Since both values are equal, the restriction fragment calculation is correct.

Complete Recombinant Plasmid Map

Arrangement of Restriction Sites in the Expressing Clone

The recombinant plasmid can be followed around the circle as:

Vector X → 300 bp → Y → 300 bp → Insert X → 200 bp → Insert X → 700 bp → Y → 2700 bp vector backbone → back to Vector X

When enzyme X cuts this circular molecule, the fragments are:

Vector X to First Insert X = 300 + 300 = 600 bp

First Insert X to Second Insert X = 200 bp

Second Insert X to Vector X = 700 + 2700 = 3400 bp

Therefore, the three fragments generated are:

600 bp, 200 bp, and 3400 bp

The largest fragment is clearly 3400 bp.

Why the 300 bp Vector Region Must Be Included in the Calculation

The 300 bp region between X and Y in the vector contains the promoter and RBS sequences.
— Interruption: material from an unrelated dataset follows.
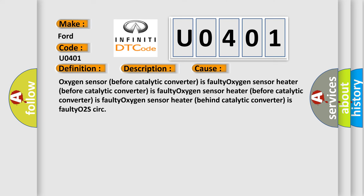Oxygen sensor before catalytic converter is faulty. Oxygen sensor heater before catalytic converter is faulty. Oxygen sensor heater behind catalytic converter is faulty. O2S circuit issues.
When the insert is cloned at the Y site, this 300 bp segment remains part of the recombinant plasmid.

Therefore, the distance from the vector X site to the first X site inside the insert is not simply 300 bp. It contains two separate 300 bp segments: the 300 bp vector promoter/RBS region and the 300 bp segment from the insert Y end to its first X site.

Thus:

300 bp + 300 bp = 600 bp

This is why the first restriction fragment is 600 bp.

Why the Remaining Vector Backbone Is 2700 bp

The total vector is 3000 bp long, but 300 bp of the vector lies between the X and Y sites through the promoter-containing region.

Therefore, the other path around the circular vector must be:

3000 − 300 = 2700 bp

This 2700 bp backbone segment joins the right Y end of the correctly oriented insert back to the vector X site.

When calculating the largest fragment, this backbone must be combined with the 700 bp segment between the second insert X site and the right Y end.

Therefore:

700 + 2700 = 3400 bp

This produces the largest fragment.

Why Circular DNA Is Important in This Question

Restriction fragment calculations for circular DNA differ from those for linear DNA. In a circular plasmid, every restriction site is connected to another restriction site in both directions around the circle.

A circular DNA molecule cut at three positions produces three fragments. There are no free terminal ends before digestion.

In this recombinant plasmid, the three X sites divide the 4200 bp circular DNA molecule into three continuous regions measuring 600 bp, 200 bp, and 3400 bp.

Understanding the circular nature of the plasmid is essential because the 700 bp insert segment and the 2700 bp vector backbone belong to the same continuous restriction fragment.

Final Calculation

Vector size = 3000 bp

Insert size = 1200 bp

Total recombinant plasmid size = 4200 bp

Remaining vector backbone = 3000 − 300 = 2700 bp

The three fragments after digestion with X are:

Fragment 1 = 300 + 300 = 600 bp

Fragment 2 = 200 bp

Fragment 3 = 700 + 2700 = 3400 bp

Verification:

600 + 200 + 3400 = 4200 bp

Final Answer

The size of the largest fragment of the recombinant plasmid after digestion with restriction enzyme X is:

Correct Answer: 3400 bp

The correctly oriented recombinant plasmid contains one X site in the vector and two X sites in the 1.2 kb insert. Complete digestion with enzyme X produces fragments of 600 bp, 200 bp, and 3400 bp. Therefore, the largest restriction fragment is 3400 bp.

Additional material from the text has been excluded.